Required action
The result should be an exact copy of only the lines from the one holding "Pietra di luna" through the last line of the data below, please, without pictures.

Input data
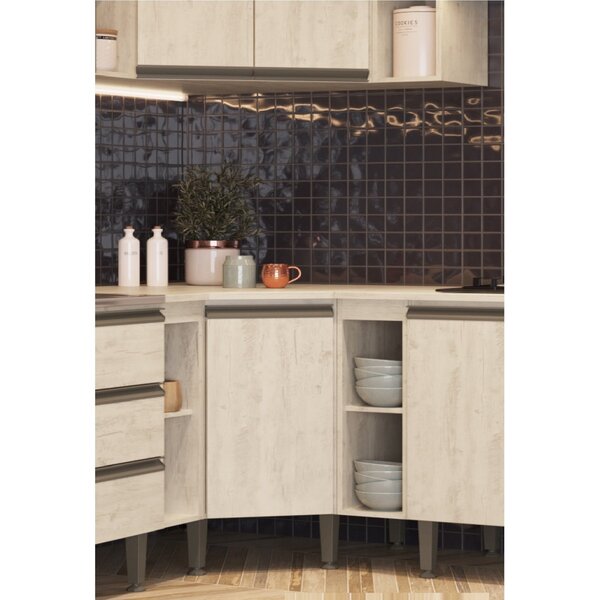 Balcão De Canto 1 Porta Greta  Crema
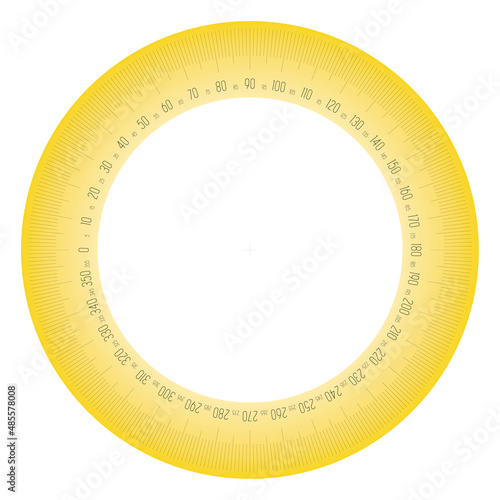 Full 360 degrees protractor measuring instrument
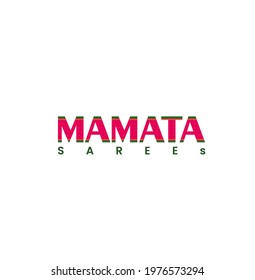 Mamata Sarees (Mamata is a Indian name) logo vector. Mamata Sarees typography logo.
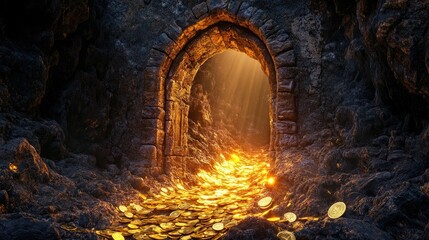 Fototapeta premium A mystical arched stone doorway unveiling a trail of gold coins glowing warmly, with textured stone walls adding an ancient vibe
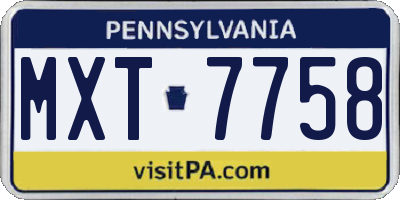 PA license plate MXT7758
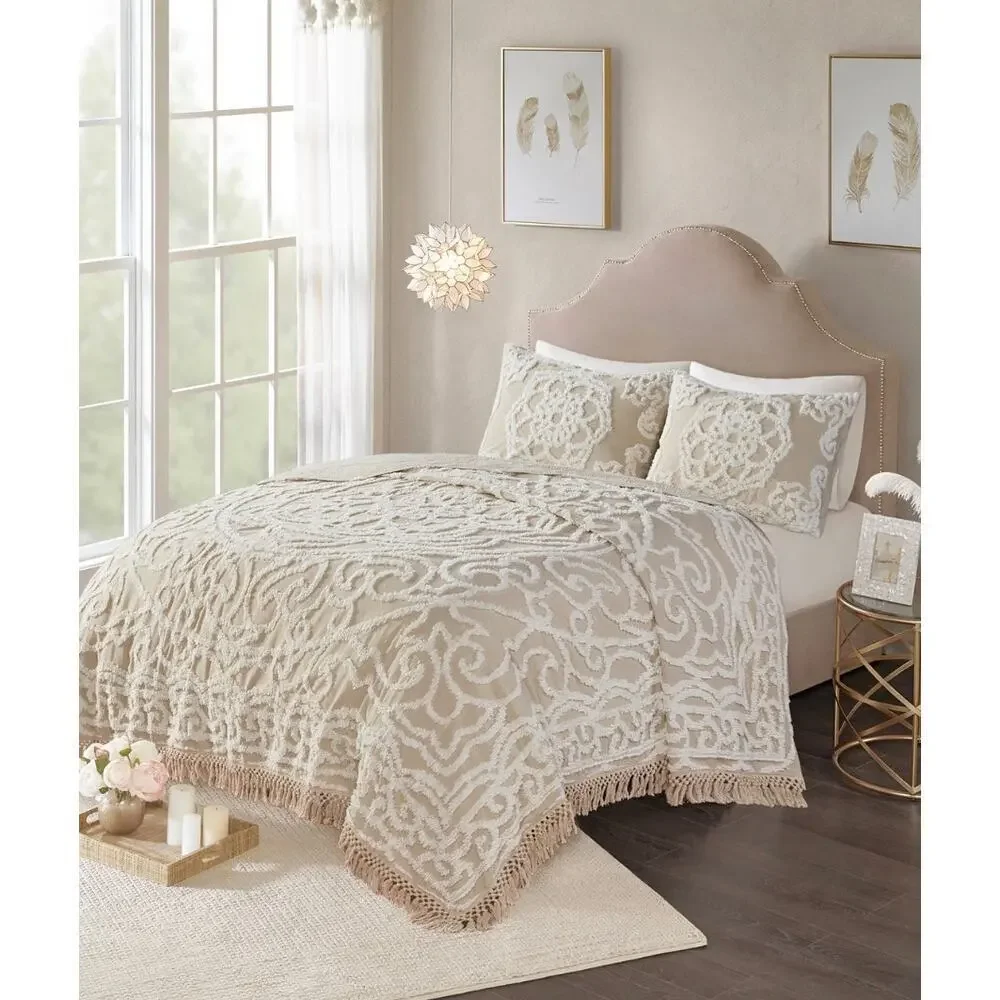 Madison Park King Bedspread Set Beige Chenille Tufted 3pc Luxury Bedding
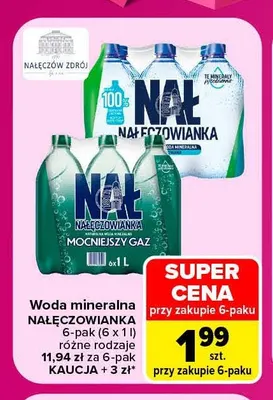 Woda mineralna Nałęczowianka 6-pak promocja w Carrefour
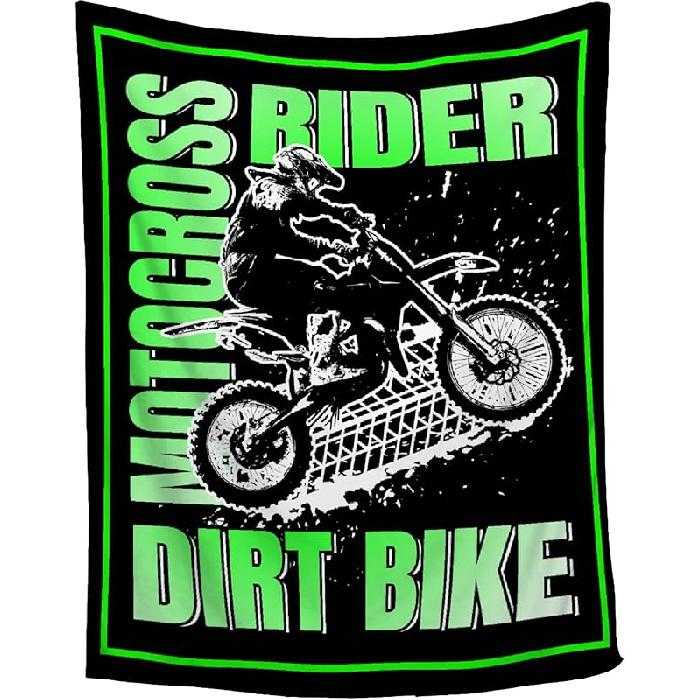 Dirt Bike Blanket Gifts,Ultra Soft Motorbike Throw Blanket| Gifts for Extreme Sports Motorcycle Lover,Motorcycle Blanket Decor for Sofa Bed Couch for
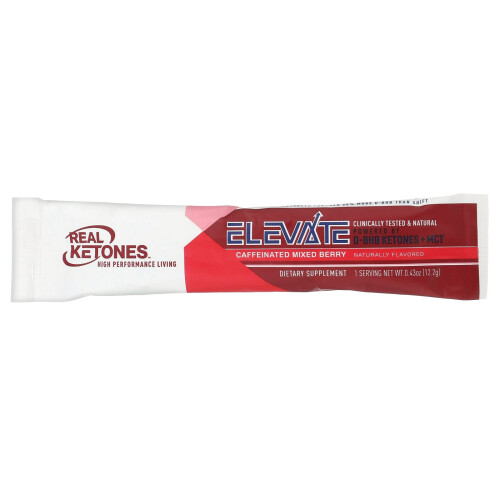 Real Ketones, Elevate, Caffeinated Mixed Berry, 30 Drink Mix Packets,  0.43 oz (12.2 g) Each 2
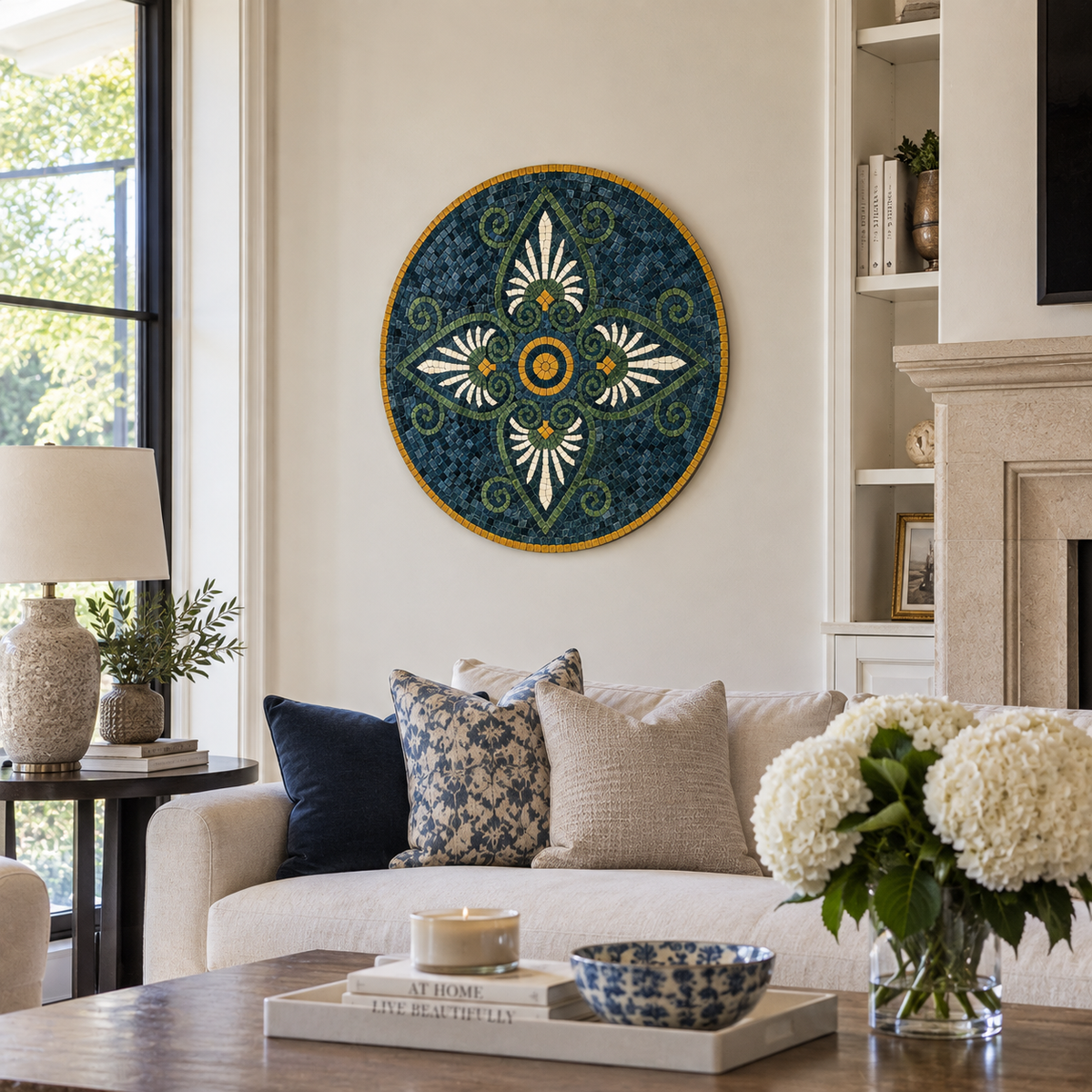 Round blue-green stone mosaic wall art with orange center, white petal rays, and gold trim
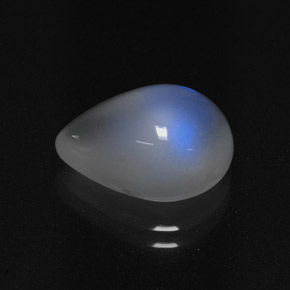 Pietra di luna arcobaleno naturale bianco da 4,41 ct, taglio a pera, traslucido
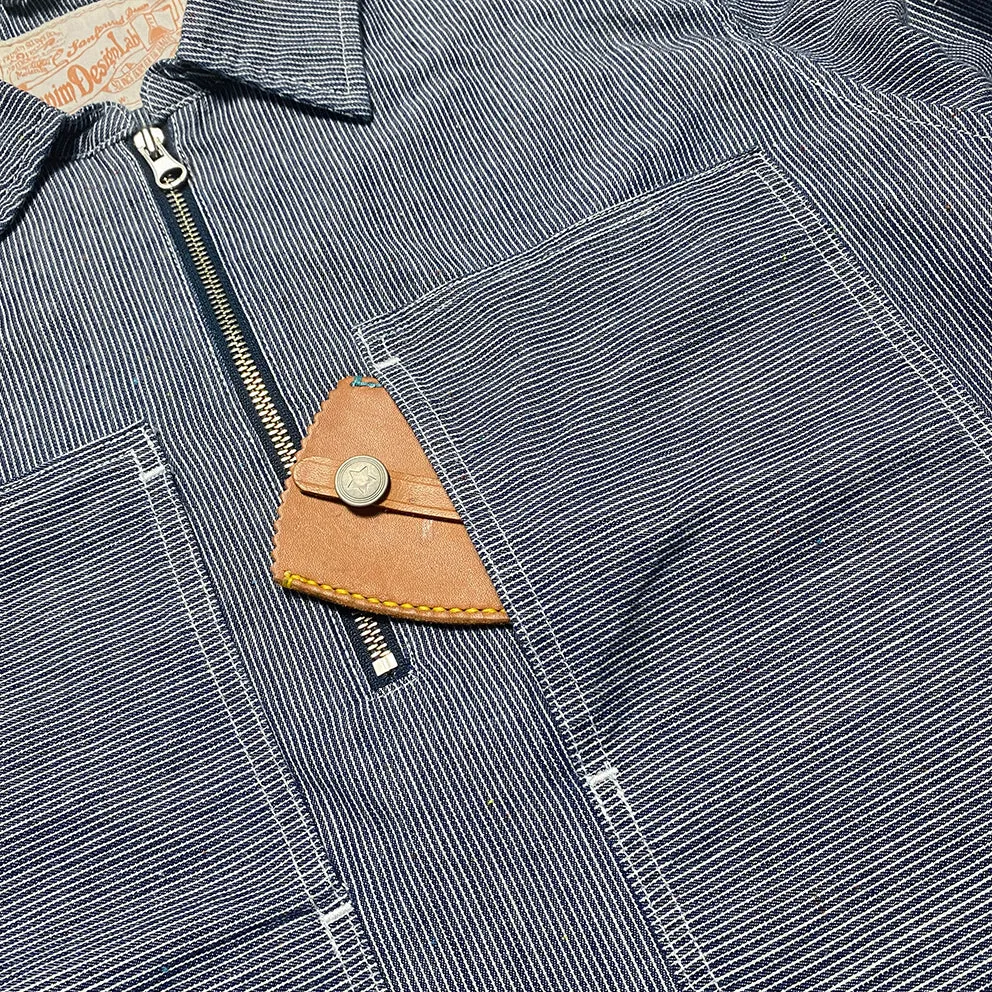DDL 329 HUNTER2-MSTR REGULAR FIT 2 POCKET 1/2 ZIPPER FRONT INDIGO STRIPE DENIM SMOCK SHIRT-5.5OZ-E0 Y/D STRIPE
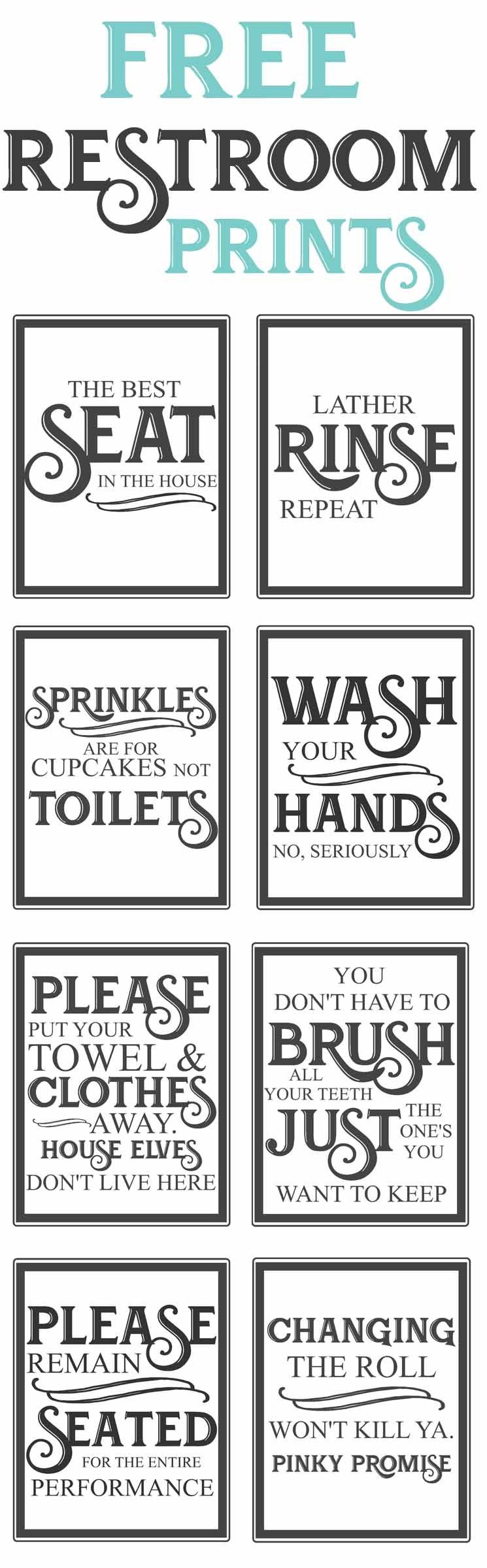 Free Vintage Bathroom Printables | Diy | Vintage Bathrooms, Diy Home - Free Printable Bathroom Signs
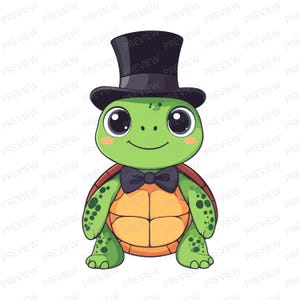 Könnte beinhalten: Cartoon-Illustration einer grünen Schildkröte mit schwarzem Zylinder und schwarzer Fliege. Die Schildkröte hat einen hellorangen Panzer und einen freundlichen Gesichtsausdruck. Der Hintergrund ist weiß mit dem Wort "PREVIEW" wiederholt.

Expected output
 Pietra di luna arcobaleno naturale bianco da 4,41 ct, taglio a pera, traslucido
DDL 329 HUNTER2-MSTR REGULAR FIT 2 POCKET 1/2 ZIPPER FRONT INDIGO STRIPE DENIM SMOCK SHIRT-5.5OZ-E0 Y/D STRIPE
 Free Vintage Bathroom Printables | Diy | Vintage Bathrooms, Diy Home - Free Printable Bathroom Signs
 Könnte beinhalten: Cartoon-Illustration einer grünen Schildkröte mit schwarzem Zylinder und schwarzer Fliege. Die Schildkröte hat einen hellorangen Panzer und einen freundlichen Gesichtsausdruck. Der Hintergrund ist weiß mit dem Wort "PREVIEW" wiederholt.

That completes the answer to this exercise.